**Your objective**
If "light" shows up in a line of the material, return that line.

**Given data**
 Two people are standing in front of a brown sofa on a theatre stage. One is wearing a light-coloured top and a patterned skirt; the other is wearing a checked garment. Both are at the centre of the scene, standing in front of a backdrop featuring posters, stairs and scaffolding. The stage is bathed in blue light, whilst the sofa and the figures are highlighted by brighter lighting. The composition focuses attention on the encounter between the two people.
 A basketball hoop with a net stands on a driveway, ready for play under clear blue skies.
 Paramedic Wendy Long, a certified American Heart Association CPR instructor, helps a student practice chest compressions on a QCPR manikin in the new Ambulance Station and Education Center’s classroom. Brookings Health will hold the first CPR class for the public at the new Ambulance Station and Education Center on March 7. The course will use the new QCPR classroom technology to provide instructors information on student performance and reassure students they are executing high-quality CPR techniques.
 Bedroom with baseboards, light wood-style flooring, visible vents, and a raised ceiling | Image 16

...

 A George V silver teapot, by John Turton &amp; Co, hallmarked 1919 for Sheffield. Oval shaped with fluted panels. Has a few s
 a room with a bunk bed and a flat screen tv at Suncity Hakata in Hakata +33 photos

---

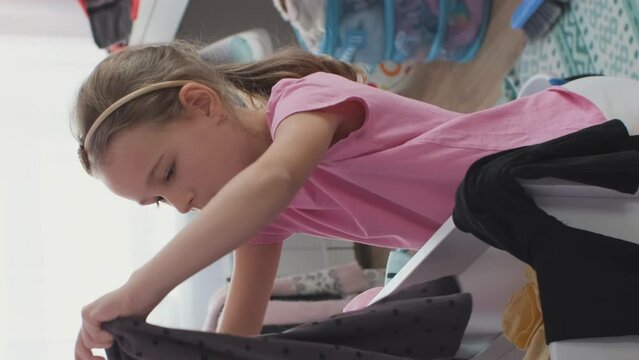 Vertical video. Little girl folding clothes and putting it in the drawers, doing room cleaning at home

**Answer to the exercise**
 Two people are standing in front of a brown sofa on a theatre stage. One is wearing a light-coloured top and a patterned skirt; the other is wearing a checked garment. Both are at the centre of the scene, standing in front of a backdrop featuring posters, stairs and scaffolding. The stage is bathed in blue light, whilst the sofa and the figures are highlighted by brighter lighting. The composition focuses attention on the encounter between the two people.
 Bedroom with baseboards, light wood-style flooring, visible vents, and a raised ceiling | Image 16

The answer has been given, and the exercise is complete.